Alright, fine, I'll get a little more serious. I realize that there is a practice of modern witchcraft, and while I'm borrowing some ideas from that, I'm making this my own thing, all about positivity, spreading kindness, and gently correcting my own negative behaviors. 

Some tenets of my witchhood:

  • Creating sigils as meditation and self-affirmation: Sigils are symbols created to embody an idea, like, "I am smart and capable." You turn that into a drawing, repeating it until it's completely comfortable, a visual mantra. You can discard it, set it in motion through a ritual, or keep it as a reminder.
  • Conducting rituals to assist with visualization: Mental rehearsal leads to improved performance in both mental and physical tasks. However, I can find it difficult to focus my intent, so creating a ritual as simple as lighting a candle and speaking a phrase can help get me in the right mindset.
  • Being mindful of my environment and my fellow creatures: I can often get lost in my own head. I'm making an effort to notice my world, both the good things within it and the parts I can improve. I must direct goodness out into the world through acts of kindness and compassionate corrections of my negative impulses.

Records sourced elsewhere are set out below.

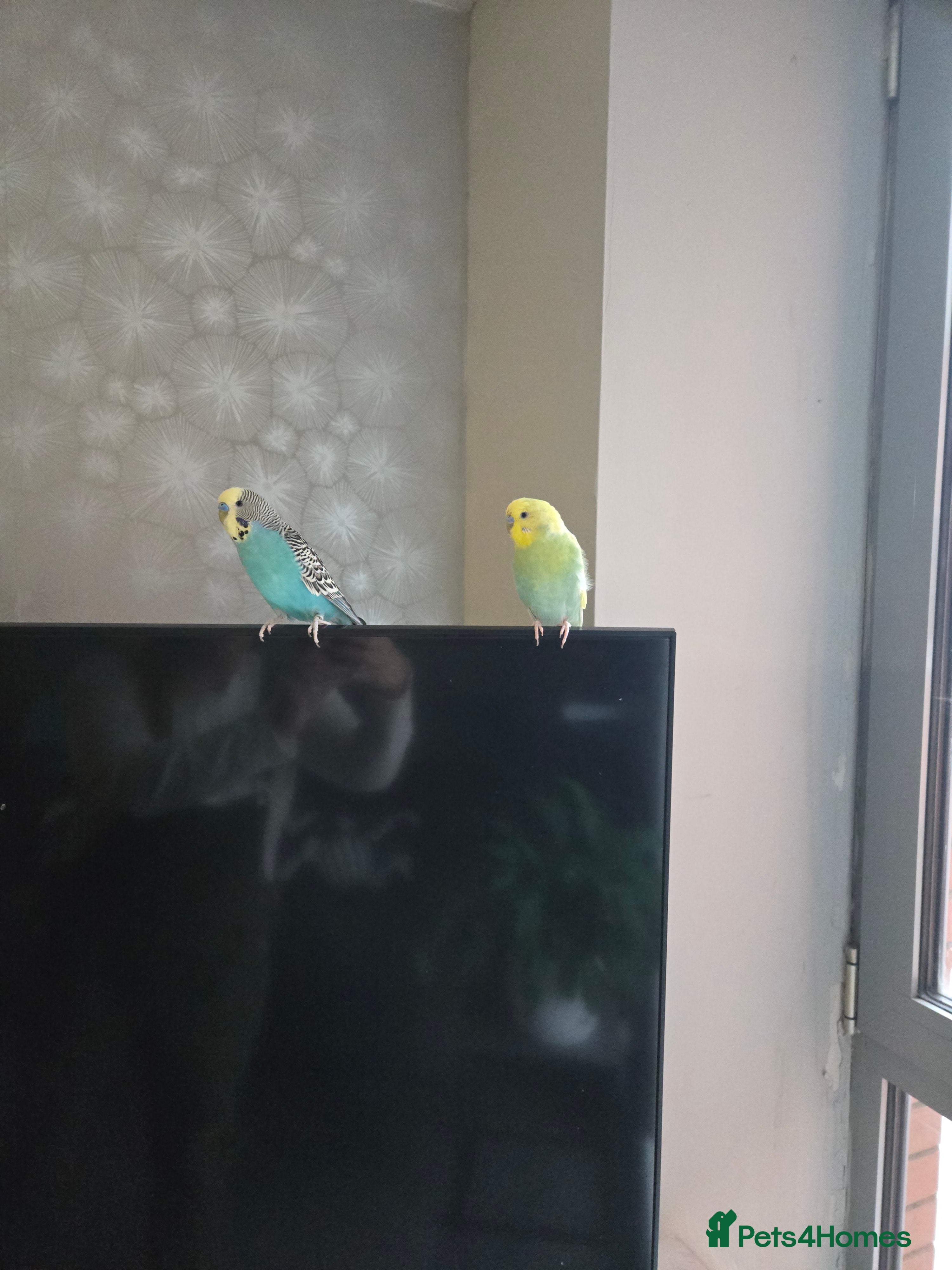 Budgerigars birds 2 budgies male  - Advert 1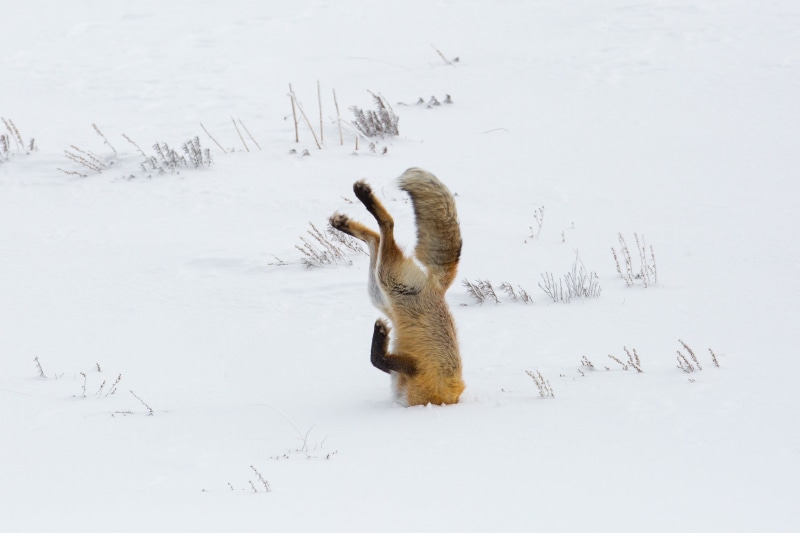 animals in the wild, animal wildlife, jumping, fox, white color, beauty in nature, wild, predator, animal, field, yellowstone national park, carnivore
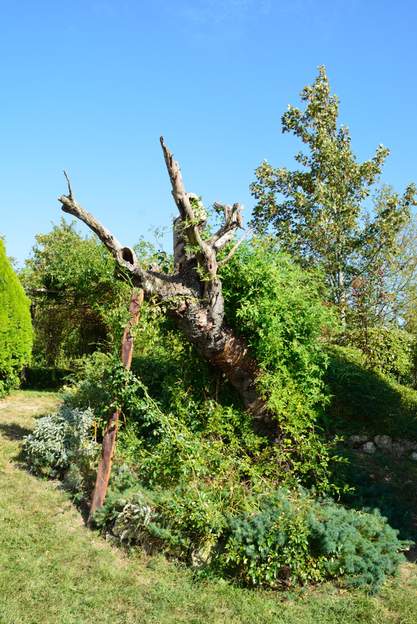 2013 09 Martine pose un soutient de l'arbre creux qui penchait de plus en plus. Elle fat grimper Alberic dessus, on verra bien ce que ça va donner.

What has scared me off of spirituality in the past is a focus on organized religion or a specific supernatural belief. For where I am in life right now, I simply don't know if there is a world beyond the physical one. I like the idea that there is, but I don't know that I believe it. My spiritual practice, however, is one based in positive psychology more than actual spiritual belief. Even the bits that border on mumbo-jumbo have the placebo affect going for them (and placebos can work even when you know they're placebos).

Ideal. Source

Ideal. Source

Maybe I won't be riding around on a broom (or a Hoover) any time soon, but I do like the idea of calling myself a witch. It's sort of the spiritual equivalent of saying I'm a "nasty woman." It's restoring the strength of something broken, and that's the sort of effort that my heart is here for.

Now, if you'll excuse me, I have a worm eulogy to deliver.